Things are pretty quiet around here culture-wise, given the lack of college students (and perhaps the long-awaited onset of winter weather). So perhaps I can be forgiven for my lack of posting. But I have been thinking about art-criticism in the abstract, raising some questions that ought to be of practical relevance to my own activity as a semi-serious art-critic and blogger. So I'd like to initiate a series of posts on the subject.

A while back, I had a brief exchange with Franklin of, who announced that he was quitting art-criticism, in large part because of its perceived incompatibility with being an artist. As he wrote, "They're contradictory exercises, professionally and temperamentally." In response to my request for clarification, he responded:
Petty hatreds and unjustifiable loves that are unbecoming in a critic are a necessary part of an artist's inclinations. I'll continue to criticize to the extent that it helps me think about art, but I am stepping out of the role of capital-C Critic, and the title's implications of fair-mindedness and responsibility. I relinquish efforts to make my writing strive for either. As a critic, that wouldn't be right. As an artist, it's fine.
This seems like a reasonable position and it appears to be widespread conventional wisdom. Yet I had some reservations, and so I responded:
I think they're unbecoming if you put them up front and in the center. Indeed, a Critic should strive to be open-minded and go beyond idiosyncratic likes and dislikes. But it also seems disingenuous to me to pretend that criticism is a wholly neutral, disinterested affair. The critic is a judge, but also somebody who takes genuine pleasure (or displeasure) in artworks, just like anybody else. So it seems like there should be a middle ground, a way of letting two voices speak.
I have little to add to this impromptu "theory" at the moment, but I would like to illustrate what I take to
be the difference between an enthusiastic review and a cool-headed, dispassionate one. For the former category, I'll submit for your attention this piece I wrote about Boston painter (and former teacher of mine) Gerry Bergstein. For the latter, here is a piece I wrote about recently deceased Ithaca painter John Hartell. Both are nominally "positive" reviews, with regards to most of the work, if not to certain curatorial decisions. Both contain level-headed analysis and interpretation. But I think something of my differing enthusiasms comes through in the writing.

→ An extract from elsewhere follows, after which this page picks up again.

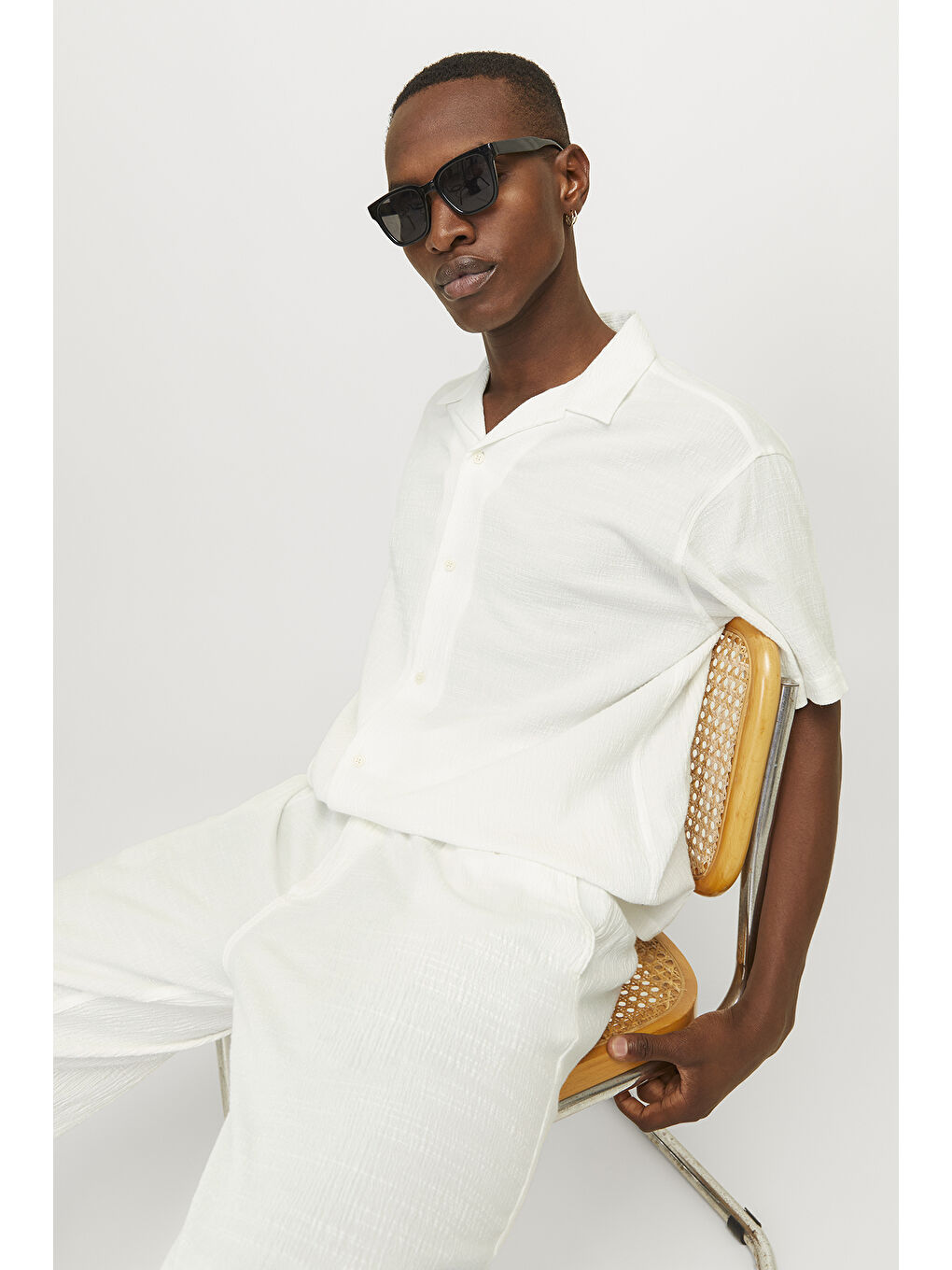 Beyaz Originals Jorluke Pamuklu Relaxed Fit Kısa Kollu Poplin %100 Pamuk Gömlek 12255781-2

As one of only a handful of local individuals writing criticism of the visual arts, I believe that it is my ethical responsibility to cover as wide a variety of subjects as I am competent to cover. (In my newspaper writing, not so much in my blogging.) And I believe that it is important to be fair and balanced in doing so. But to try and repress my "
petty hatreds and unjustifiable loves" entirely suggests to me an alienated approach to arts, one foreign not just to most artists, but to most amateur enthusiasts. Actually, I am willing to repress the hatreds; the loves however should be allowed to bubble to the surface once in a while. At least that's the idea.

I'd appreciate hearing others' thoughts on the matter, particularly those of other big C Critics.

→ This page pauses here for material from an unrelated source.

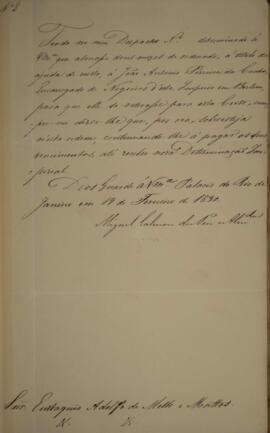 Cópia de despacho n.8 enviado por Miguel Calmon du Pin e Almeida (1794-1865), Marquês de Abrantes...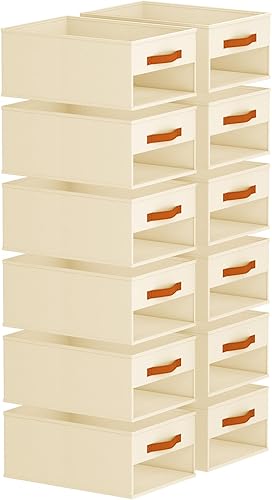 Miniatura 14 de Organizadores y almacenamiento de armario, paquete de 8 cestas de almacenamiento para organización, organizador de armario plegable con ventana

See also a related post by local poet Joshua Corey, including (popup) comments by me and others.

Also posted at Art and Perception.



Anonymous Anonymous said...

Literary criticism is full of petty hatreds, but no one gets too upset about any of them. Why do you think critical disinterest is so prized in the visual arts?


5:26 PM  
Blogger arthur said...

Thats a very good question, and not one that I'm particularly qualified to answer. It may have to do with the extreme open-endedness of contemporary art and the attendant pluralism of taste. Perhaps people value (over-value?) disinterest as a kind of corrective.

7:21 PM  
Anonymous Anonymous said...

As acorrective to pluralism?

9:10 PM  
Blogger arthur said...

Perhaps, but I meant more as a corrective to the general confusion caused by pluralism.

9:12 PM  
Anonymous Anonymous said...

This is a really pressing subject Arthur. It has come up quite a bit in the blogosphere recently - Do you mind if I back things up here and ask you another question?

What do you think would be the impact on this pluralism of taste you've mentioned if artists were to stop speaking honestly - openly about art? How would it be corrected? Just by having one less voice in the room?

8:25 AM  
Blogger arthur said...

Its difficult for me to imagine that artists would stop talking honestly and openly about art. Things might either shift towards a complete free for all relativism or towards a situation in which everybody has to be judged by the same narrow standards. Either way would be a shame.

10:44 AM  
Anonymous Anonymous said...

Thanks for the interesting post, Arthur. I hope Franklin returns to writing about art if he gets the urge.